Enquanto a capital federal completava 49 anos e o resto do Brasil dormia sem hora para acordar no feriado de Tiradentes, estávamos ligados naquela paisagem conhecida, mas que nunca deixa de impressionar. A montanha a nossa frente com a lagoa na sua base é uma visão bonita, mas o vento é o elemento que lhe dá a qualidade de impressionante, até porque, segundo as regras conhecidas, aquele não é lugar que deveria ventar. Muito menos na direção que venta. Na lógica a montanha deveria funcionar como uma barreira natural ao vento, mas na prática, o vento ganha velocidade descendo a montanha na direção da lagoa – só vendo pra crer, e as fotos não me deixam mentir.
O velejo de wind é pesado, exige alguma experiência e preparo físico.
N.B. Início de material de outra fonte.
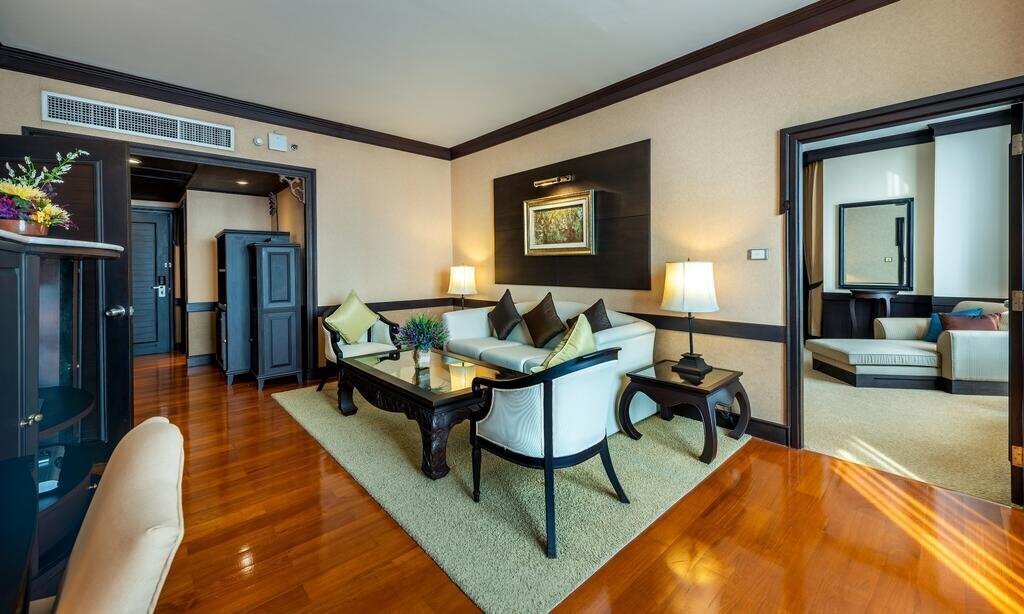 Изображение Chaophya Park Hotel 4*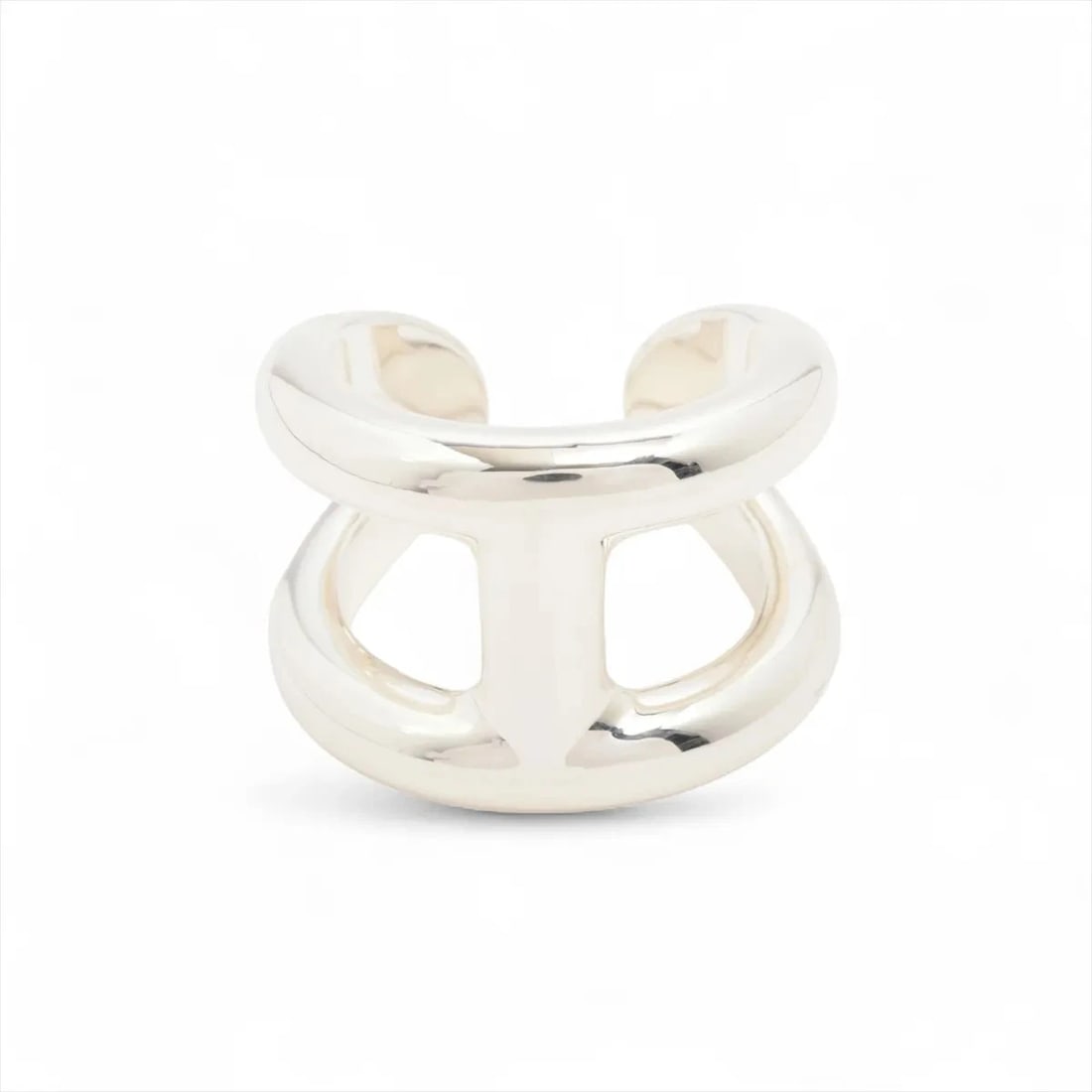 HERMES RING 925 SILVER: Hermes Ring 925 Silver Brand: Hermes Type/Style: Ring Material: 925 Color: Silver Size: 6.75 - 7 US Accessories: None Accessories Notice: When purchasing pre-owned goods, please refer to the photos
Vento forte e rajado, bordo curto. A vantagem é que nunca é solitário, a cada bordo se troca experiências e equipamentos, veleja-se perto um do outro e perto de quem fica na margem, fotografando ou descansando pra entrar de novo. A sensação é aquela velha conhecida dos velejadores, que abre o sorriso no rosto, clareia a mente e lava a alma. Foi meu primeiro velejo na Lapinha, ano passado estava de braço quebrado e no anterior não tive sorte com o vento. Quando subi na prancha imediatamente encaixei os pés nas alças e conversei com o lugar como quem fala com uma mulher: “Ah Lapinha, não diga que sou apressadinho, tem dois anos que estou esperando por este velejo...” Três horas depois estava exausto, apesar dos intervalos entre um e outro bordo.
Mas a Lapinha é dadivosa e todos se divertiram. Renato esbanjou sua técnica e fez a lagoa parecer um circuito, Dário, maluco como sempre, quis aumentar os limites da lagoa justo na margem de pedra, azar da pedra, e da prancha. André Maciel foi o primeiro a entrar e o último a sair, mais feliz que cachorro em dia de feira pelejava nos dukejibes e saltos, Maurikite fez de tudo, arrepiando seu estilo bonito de se ver, desta vez sem os ataques dos micuins. Gisele foi a responsável pela maioria das fotos e registros e ainda velejou no final, enfrentando o frio com a coragem e o sorriso que lhes são peculiares.
De tão dadivosa a Lapinha dessa vez permitiu até o velejo de Kite. Numa manobra que parecia exigir conhecimentos de nanotecnologia, Felipe, André Maciel e Murikite levantaram suas pipas entre árvores, casa, cerca viva e cerca de arame farpado, manobrando no limite e nas rajadas. Arrojo, técnica e uma visão jamais vista na Lapinha, o balé dos kites, contrastando com todo aquele bucolismo e pré-história fecharam o feriado de modo inesquecível.
No final falei com Lapinha mais uma vez como se fosse uma mulher: “Quando a gente se vê de novo?” “Tô sempre por aqui”, respondeu ela sem marcar compromisso.